A Common Sense
Alternative to Bankruptcy or Bailout
A vibrant U.S. auto manufacturing industry is vital to the nation’s (and the world’s) economic security.
Given the grilling that members of Congress gave industry heads last
year and President Obama’s decision to fire GM chief Rick Wagoner, it
is understandable that many Americans are asking themselves,
“Why?”Among other reasons:
1. One of out ten jobs in the U.S. is tied to the auto industry
2. Auto manufacturing is the backbone of domestic manufacturing
3. More than 1000 parts are needed to build an auto – if domestic
manufacturing tanks, so do those suppliers, from tires to windshields,
to computer systems
4. The quality of Big Three autos is much better than their reputation
– reliability has vastly improved from the 1980’s and 1990’s
5. The auto industry is part of the real – not financial- economy,
where most economists believe that the real solutions to the economic
mess will be found
6. Trouble in the auto industry is now spreading to the “transplants”, or foreign-based manufacturers
7. Faced with a global threat of terror, the U.S.should not surrender
its vehicle manufacturing capacity entirely to foreign entities
8. The auto industry is “too big to fail” So far, we have only
bankruptcy and government bailout have been offered to solve the
problems facing the auto industry. After week-end rescues of AIG and
Citigroup, Americans rightfully feel “bailout fatigue.” Neither
bankruptcy, nor government bailout are optimal.

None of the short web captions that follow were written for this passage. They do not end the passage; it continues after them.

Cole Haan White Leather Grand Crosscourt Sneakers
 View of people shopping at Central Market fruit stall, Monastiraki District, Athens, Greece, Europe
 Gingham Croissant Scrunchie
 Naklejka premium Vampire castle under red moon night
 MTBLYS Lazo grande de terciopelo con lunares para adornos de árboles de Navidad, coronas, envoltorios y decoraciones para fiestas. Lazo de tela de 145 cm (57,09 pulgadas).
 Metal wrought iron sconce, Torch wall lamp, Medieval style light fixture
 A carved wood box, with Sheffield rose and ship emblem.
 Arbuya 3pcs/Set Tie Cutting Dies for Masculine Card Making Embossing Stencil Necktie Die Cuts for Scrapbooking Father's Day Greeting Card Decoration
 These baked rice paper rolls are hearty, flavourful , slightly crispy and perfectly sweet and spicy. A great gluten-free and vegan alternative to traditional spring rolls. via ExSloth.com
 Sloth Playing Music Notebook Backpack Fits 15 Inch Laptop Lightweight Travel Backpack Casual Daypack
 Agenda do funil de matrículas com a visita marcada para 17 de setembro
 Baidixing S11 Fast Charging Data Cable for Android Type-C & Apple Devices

After much thought and consideration, we have a better plan. There are private partners who can and should
intervene to reinvest in one of America’s most important industries. We
call on the Treasury Department, the FDIC, the FTC and the Departments
of Commerce and Labor to negotiate a plan for the multi-national oil
companies to support and invest in the domestic auto industry. This makes sense for a number of
reasons, including:
1. During quarter ending September 30, 2008, the oil companies made
record profits. For example, BP and Exxon Mobil earned about $25
billion during that period. They have the financial strength to invest
in auto manufacturing.
2. Oil company investments in domestic auto production is fair - no
industry has benefited more from Detroit’s stubborn insistence on
opposing improved gas mileage.
3. To protect their investment, oil companies would finally have real
incentives to move beyond gas-powered vehicles to electricity, hydrogen
and other alternatives.
4. Investing in auto manufacturing gives the oil companies real
incentives to move beyond oil to electric and hydrogen-powered vehicles.
We are convinced that this plan can work, with government assistance, but without federal/taxpayer dollars.